Paura. Non giriamoci intorno. Ci siamo addormentati venerdì sera e svegliati le mattine seguenti sentendocela addosso. Forte e chiara. Profondamente, intimamente. Paura per noi. Paura per le nostre famiglie. Paura per i nostri cari. Perché hanno colpito la nostra normalità, quella di una cena fuori, di una partita allo stadio, di un concerto a teatro. Perché hanno voluto mandarci un messaggio chiaro: qualsiasi cosa farete, dovunque andrete non sarete al sicuro. E lo hanno fatto a Parigi, in “casa nostra”, mostrandoci quello che altrove accade quotidianamente ma che più facilmente possiamo scegliere di non vedere o non voler sapere.

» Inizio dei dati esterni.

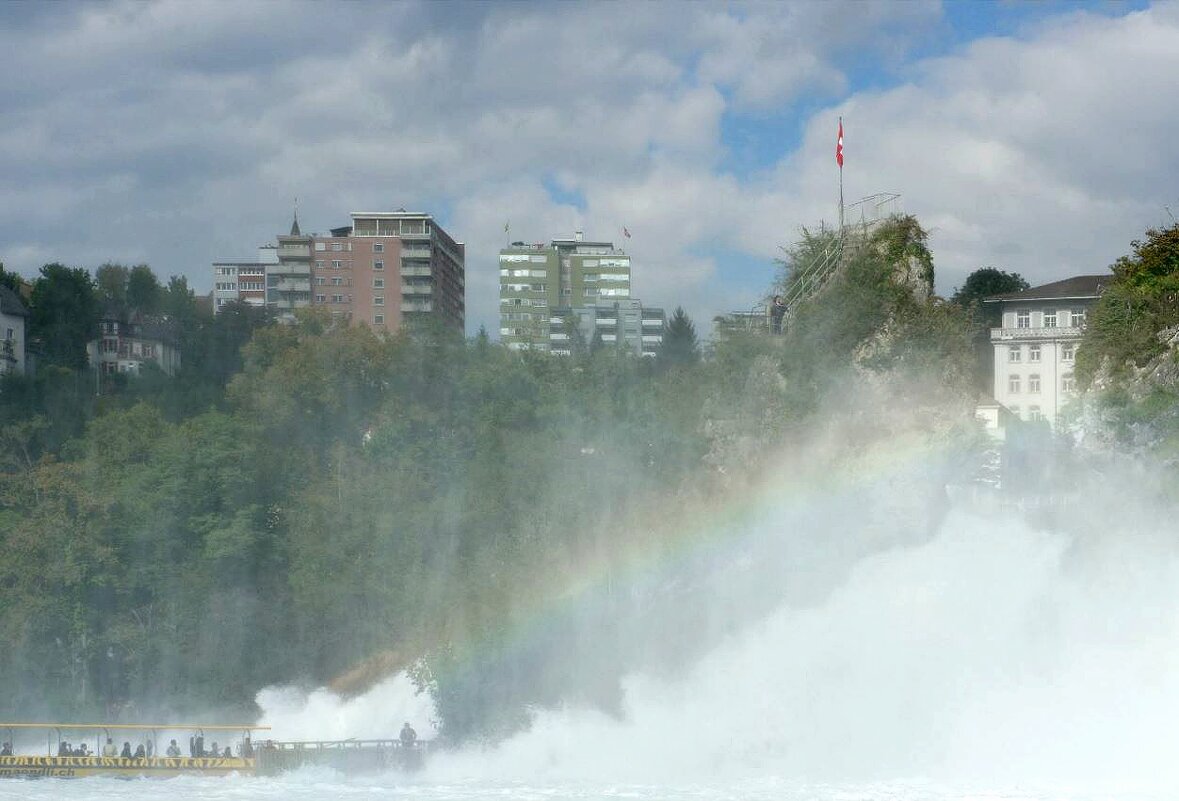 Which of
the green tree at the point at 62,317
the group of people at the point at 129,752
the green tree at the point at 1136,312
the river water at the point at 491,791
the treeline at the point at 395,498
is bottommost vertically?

Siamo in guerra? Qualcuno se lo domanda, qualcuno lo afferma con certezza. Io credo che lo saremo, da oggi in poi, prima di tutto con noi stessi. Cosa fare? Come comportarsi? Cedere alla tentazione della paura modificando i nostri comportamenti quotidiani o provare a continuare a vivere le nostre vite? È un “conflitto” non banale. Perché non ci sono più “luoghi da evitare”, dovremmo evitare il nostro vivere quotidiano. Ma se cedessimo a questo solo pensiero sarebbe come essere tutti ostaggi, privati dalla loro pazzia della nostra stessa esistenza. Sarebbe una resa. E non possiamo permettercela.
Di una cosa, però, sono certo. Non possiamo e non dobbiamo cedere neppure alla tentazione (populista e forse anche popolare, certo) della sola reazione rabbiosa, del radiamoli tutti al suolo, del chiudiamo le frontiere, dell’innalziamo muri, del portiamo anche noi morte e sterminio. Ci renderebbe forse più tranquilli? Farebbe si che fossimo più sicuri nell’andare allo stadio o a un concerto? Quando anche lo facessimo, eviterebbe un altro Bardo, un altro Bataclan, un’altra Atocha? Io sono fermamente convinto di no.

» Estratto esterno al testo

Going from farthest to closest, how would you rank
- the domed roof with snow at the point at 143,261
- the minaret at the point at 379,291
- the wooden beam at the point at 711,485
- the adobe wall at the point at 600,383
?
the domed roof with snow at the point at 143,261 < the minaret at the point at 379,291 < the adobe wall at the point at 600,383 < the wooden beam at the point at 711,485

Serve una reazione ferma, questo sì. E serve che l’Europa insieme agli Stati Uniti, alla Russia e a tutte le civiltà democratiche decidano di combattere davvero, come forse ancora mai è stato fatto, quello che è il nemico vero. Non l’Islam in quanto tale, ma il sedicente Stato Islamico. Quello è il cancro da estirpare e da fermare nella sua drammatica espansione e proliferazione. Serve isolare i terroristi. E dobbiamo farlo tutti insieme, nessuno escluso.

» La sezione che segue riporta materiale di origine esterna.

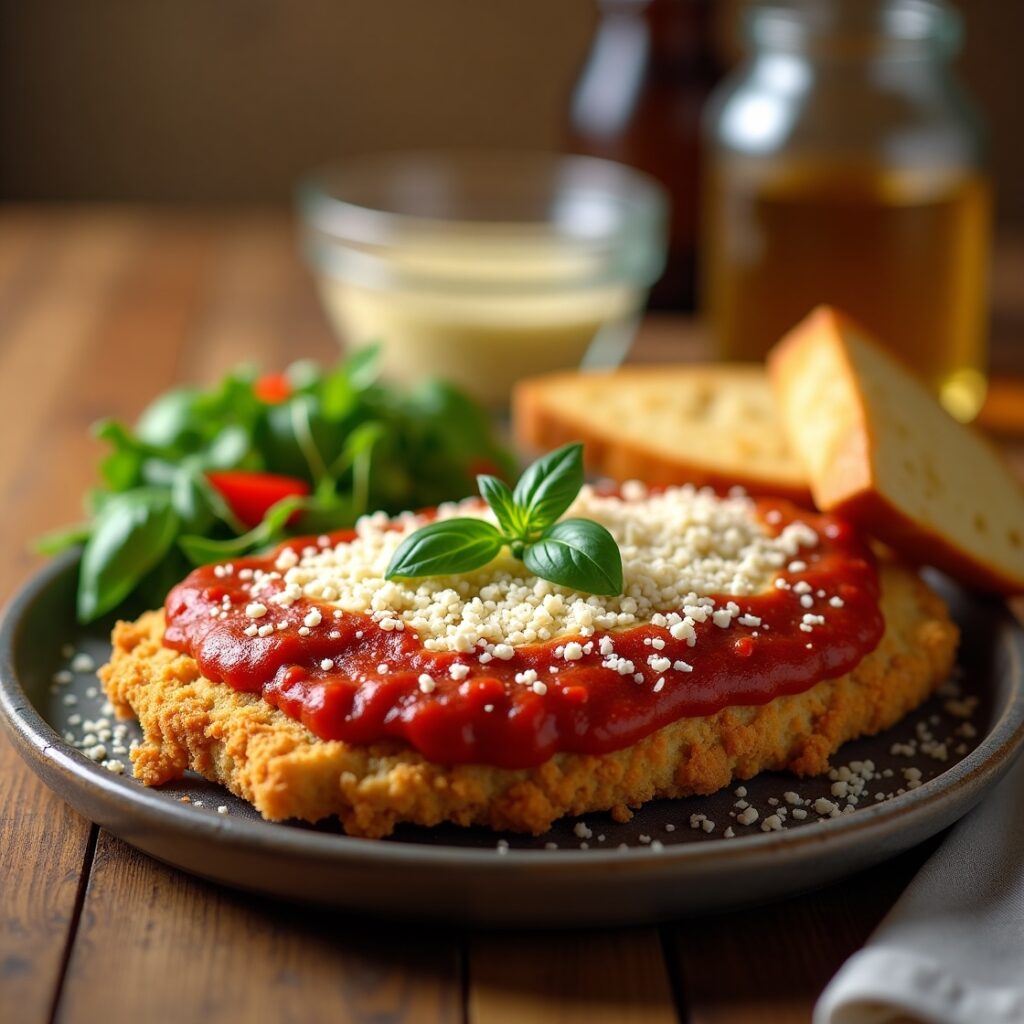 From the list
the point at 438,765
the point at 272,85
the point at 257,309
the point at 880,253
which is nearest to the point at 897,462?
the point at 438,765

Non possiamo più girarci dall’altra parte come non possiamo cedere alla spirale della morte che chiama altra morte e del terrore che chiama altro terrore. E se vogliamo provare, per un secondo, a sforzarci di restare umani e non abbassarsi al livello delle bestie che hanno sconvolto Parigi dobbiamo ricordare che ogni giorno 42500 persone fuggono dalla guerra. Quarantaduemilacinquecento. Fuggono da quella morte e da quella follia che oggi appare nitida ai nostri occhi. Quella che qui ci ha sconvolto in una notte di venerdì e che in altre parti del mondo, non certo lontanissime da casa nostra, è una drammatica quotidianità.
Aiutare gli uni e combattere gli altri non è solo un ‘si può’ ma un ‘si deve’.
E allora chiedo davvero, col cuore, di non considerare le nostre morti diverse dalle morti altrove. Di non cedere a facili (ma errate) generalizzazioni. Chiedo di ricordare che la follia degli estremismi si annida ovunque e che la storia recente racconta anche di Oslo e Utoya, sangue anti islamico, giovani barbaramente uccisi anche in quel caso nel loro vivere quotidiano da una mano che si professava cristiana.
Pensiamoci, almeno. Riflettiamoci per un attimo cercando di non cedere a quella paura che oggi, inevitabilmente, ci sentiamo addosso. Abbiamo il dovere di farlo, e di reagire, tutti insieme. Solo così riusciremo a vincere. Solo così la civiltà potrà continuare a essere più forte della barbarie.